I Do ensemble-based predictions truly describe real finite systems?

[syed]

TL;DR Summary

Title

In both classical and quantum statistical mechanics, we often rely on the concept of ensembles, either as a collection of hypothetical copies of a system in different microstates (classical) or as a weighted mixture of quantum states represented by a density matrix (quantum), to predict equilibrium properties, entropy changes, and the apparent arrow of time.

However, real physical systems are always finite and in continuous contact with finite environments. If the actual universe consists of a single, finite system rather than an infinite ensemble, how can we be sure that the predictions derived from ensembles (essentially averages over many possible microstates )accurately capture the typical time evolution of that one real system, rather than just describing an abstract average that may not correspond to its actual trajectory?

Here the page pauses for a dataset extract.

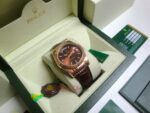 Rolex replica daydate rose gold chocolate strip leather orologio replica copia imitazione 4us719 - immagine 4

Does this reliance on ensembles introduce a fundamental conceptual gap between the idealized theory and the behavior of actual, finite classical or quantum systems, and if so, what are the limitations of using ensembles to describe reality?

 

[Demystifier]

A canonical or grand-canonical ensemble is best understood as a small (but macroscopic) subsystem of a larger system. The larger system is usually assumed to be in a micro-canonical ensemble, meaning that its energy is well defined with almost perfect precision. Under these conditions the canonical ensemble of the small subsystem can be derived, with almost no additional assumptions. See https://arxiv.org/abs/cond-mat/0511091

 

[Lord Jestocost]

TL;DR Summary: Title

Does this reliance on ensembles introduce a fundamental conceptual gap between the idealized theory and the behavior of actual, finite classical or quantum systems, and if so, what are the limitations of using ensembles to describe reality?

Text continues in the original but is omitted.